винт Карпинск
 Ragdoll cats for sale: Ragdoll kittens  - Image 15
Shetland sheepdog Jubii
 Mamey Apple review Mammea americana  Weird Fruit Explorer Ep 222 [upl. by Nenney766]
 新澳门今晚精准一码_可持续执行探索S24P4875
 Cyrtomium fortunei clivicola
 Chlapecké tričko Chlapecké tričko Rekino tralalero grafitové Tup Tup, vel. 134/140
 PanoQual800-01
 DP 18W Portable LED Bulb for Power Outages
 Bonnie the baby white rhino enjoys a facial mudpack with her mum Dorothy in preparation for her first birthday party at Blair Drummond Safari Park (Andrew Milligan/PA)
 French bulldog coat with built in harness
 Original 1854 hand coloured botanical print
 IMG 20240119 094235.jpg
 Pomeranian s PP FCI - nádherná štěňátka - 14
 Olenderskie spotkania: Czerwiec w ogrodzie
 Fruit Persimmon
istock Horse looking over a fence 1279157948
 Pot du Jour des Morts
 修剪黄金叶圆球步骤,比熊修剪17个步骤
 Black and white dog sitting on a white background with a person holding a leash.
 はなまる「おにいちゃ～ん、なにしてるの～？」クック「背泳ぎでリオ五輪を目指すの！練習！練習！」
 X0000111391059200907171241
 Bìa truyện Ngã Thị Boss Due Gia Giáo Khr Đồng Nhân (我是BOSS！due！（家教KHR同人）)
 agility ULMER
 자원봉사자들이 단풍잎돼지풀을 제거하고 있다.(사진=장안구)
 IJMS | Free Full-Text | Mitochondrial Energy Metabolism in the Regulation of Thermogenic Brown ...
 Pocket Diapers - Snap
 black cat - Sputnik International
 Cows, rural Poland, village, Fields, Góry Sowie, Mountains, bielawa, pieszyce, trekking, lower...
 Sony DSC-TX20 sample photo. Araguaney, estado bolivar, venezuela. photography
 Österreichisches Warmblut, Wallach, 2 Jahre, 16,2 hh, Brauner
=-=-=-=-=
§ Problem requirements
Provide all the records again, word for word.

§ Your response
винт Карпинск
 Ragdoll cats for sale: Ragdoll kittens  - Image 15
Shetland sheepdog Jubii
 Mamey Apple review Mammea americana  Weird Fruit Explorer Ep 222 [upl. by Nenney766]
 新澳门今晚精准一码_可持续执行探索S24P4875
 Cyrtomium fortunei clivicola
 Chlapecké tričko Chlapecké tričko Rekino tralalero grafitové Tup Tup, vel. 134/140
 PanoQual800-01
 DP 18W Portable LED Bulb for Power Outages
 Bonnie the baby white rhino enjoys a facial mudpack with her mum Dorothy in preparation for her first birthday party at Blair Drummond Safari Park (Andrew Milligan/PA)
 French bulldog coat with built in harness
 Original 1854 hand coloured botanical print
 IMG 20240119 094235.jpg
 Pomeranian s PP FCI - nádherná štěňátka - 14
 Olenderskie spotkania: Czerwiec w ogrodzie
 Fruit Persimmon
istock Horse looking over a fence 1279157948
 Pot du Jour des Morts
 修剪黄金叶圆球步骤,比熊修剪17个步骤
 Black and white dog sitting on a white background with a person holding a leash.
 はなまる「おにいちゃ～ん、なにしてるの～？」クック「背泳ぎでリオ五輪を目指すの！練習！練習！」
 X0000111391059200907171241
 Bìa truyện Ngã Thị Boss Due Gia Giáo Khr Đồng Nhân (我是BOSS！due！（家教KHR同人）)
 agility ULMER
 자원봉사자들이 단풍잎돼지풀을 제거하고 있다.(사진=장안구)
 IJMS | Free Full-Text | Mitochondrial Energy Metabolism in the Regulation of Thermogenic Brown ...
 Pocket Diapers - Snap
 black cat - Sputnik International
 Cows, rural Poland, village, Fields, Góry Sowie, Mountains, bielawa, pieszyce, trekking, lower...
 Sony DSC-TX20 sample photo. Araguaney, estado bolivar, venezuela. photography
 Österreichisches Warmblut, Wallach, 2 Jahre, 16,2 hh, Brauner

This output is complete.